I’m not quite sure why it took me so long to see “Manchester By the Sea.” On second thought, I do know why: At the time it opened and for weeks afterward, all I kept hearing was what a downer it was, depressing, hard to watch, etc., and, frankly, I wasn’t up to it. This week, however, aware that my next column will be published just before the Oscars telecast and knowing I want to comment on nominated films, I knew it was time, whatever my mood. I saw it three nights ago and I’m so glad I did. Sad? Of course it is: Watching a man trying to not deal with a horrific tragedy by cutting himself off from all feeling — except when it explodes from him in drunken rages — is just plain heart-breaking. But the film is more than that. It is also a closely observed portrait on how family dynamics work, on loyalty and forgiveness, on where personal responsibility ends and painful self-sacrifice begins. Some have found it slow and too long. I did not. For me, the pacing was what was needed for the plot’s subtleties and the way humorous moments came along at just the right time to alleviate the tension.
Kenneth Lonergan, the writer/director of “You Can Count on Me,” another finely nuanced film on difficult families and a personal favorite of mine, has done it again here. Especially admirable in the screenplay is the seamless use of flashbacks that never leave us wondering where we are in the story. As far as the acting, I thought Casey Affleck was fine as the main character, but I found myself more taken by the supporting cast, especially Michelle Williams (is she ever anything less than terrific?) as his unsettled and unsettling ex-wife, Kyle Chandler as the big brother we all want on our side and Lucas Hedges as his almost-but-not-quite-a-man nephew. “Manchester by the Sea” is gorgeous to watch, thanks to Jody Lee Lipes’ camerawork, and the sound track by Lesley Barber is sensitive and nonintrusive. I’m glad I saw it. The wait was worth it.
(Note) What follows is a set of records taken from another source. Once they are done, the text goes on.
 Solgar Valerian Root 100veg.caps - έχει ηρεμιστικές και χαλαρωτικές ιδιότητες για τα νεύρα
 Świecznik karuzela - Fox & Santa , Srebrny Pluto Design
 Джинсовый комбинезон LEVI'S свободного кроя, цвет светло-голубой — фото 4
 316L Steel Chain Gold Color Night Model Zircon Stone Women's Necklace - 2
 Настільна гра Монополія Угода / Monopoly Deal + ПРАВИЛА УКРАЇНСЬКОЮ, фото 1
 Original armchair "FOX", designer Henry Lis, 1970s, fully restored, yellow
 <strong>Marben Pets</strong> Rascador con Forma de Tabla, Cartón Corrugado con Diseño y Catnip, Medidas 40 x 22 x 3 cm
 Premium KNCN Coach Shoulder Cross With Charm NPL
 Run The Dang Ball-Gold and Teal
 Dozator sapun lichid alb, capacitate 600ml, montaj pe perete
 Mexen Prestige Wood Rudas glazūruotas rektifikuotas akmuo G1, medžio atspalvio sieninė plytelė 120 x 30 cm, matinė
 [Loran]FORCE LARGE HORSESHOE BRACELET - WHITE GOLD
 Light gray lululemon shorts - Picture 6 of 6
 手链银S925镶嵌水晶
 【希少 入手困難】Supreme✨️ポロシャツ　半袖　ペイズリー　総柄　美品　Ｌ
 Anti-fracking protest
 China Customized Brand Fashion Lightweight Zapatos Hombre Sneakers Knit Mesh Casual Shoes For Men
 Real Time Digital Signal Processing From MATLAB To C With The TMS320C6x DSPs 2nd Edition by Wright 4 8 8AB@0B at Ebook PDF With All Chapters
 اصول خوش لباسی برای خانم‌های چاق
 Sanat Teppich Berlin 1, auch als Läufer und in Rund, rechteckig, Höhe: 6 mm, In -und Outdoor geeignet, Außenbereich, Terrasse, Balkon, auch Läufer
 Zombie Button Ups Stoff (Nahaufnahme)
I love theater and I love film equally, but they really are two different experiences for an audience. Most plays don’t translate well to film because plays are all about monologues, dialogues and just plain words. Also, they are often performed on one or two static sets. This means that cutting some dialogue and “opening up” a play to make it cinematic too often feels artificial. Remember 2013’s much-honored play “August: Osage County” and how it became a clunker of a film? And so it is, for this reviewer at least, with August Wilson’s “Fences.” I have seen all but two of Wilson’s cycle plays depicting the black experience in the 20th century, including James Earl Jones starring in the role here played by Denzel Washington, that of a difficult-to-like, embittered former baseball player in the Negro Leagues. There is no comparison to be made between Jones and Washington — both are actors of immense talent and charisma — but this film of the play doesn’t take off and soar the way the play did. Wilson’s torrent of words are treated with reverence and that very faithfulness to the source weighs down the entire thing. As for “opening up” what is basically a one-set theater piece, only lip service is paid to the concept before we’re right back in the same small backyard. All that being said, Washington and Viola Davis — reprising their 2010 Broadway roles — are so damn good and the supporting cast is so solid, “Fences” is worth seeing for the acting alone.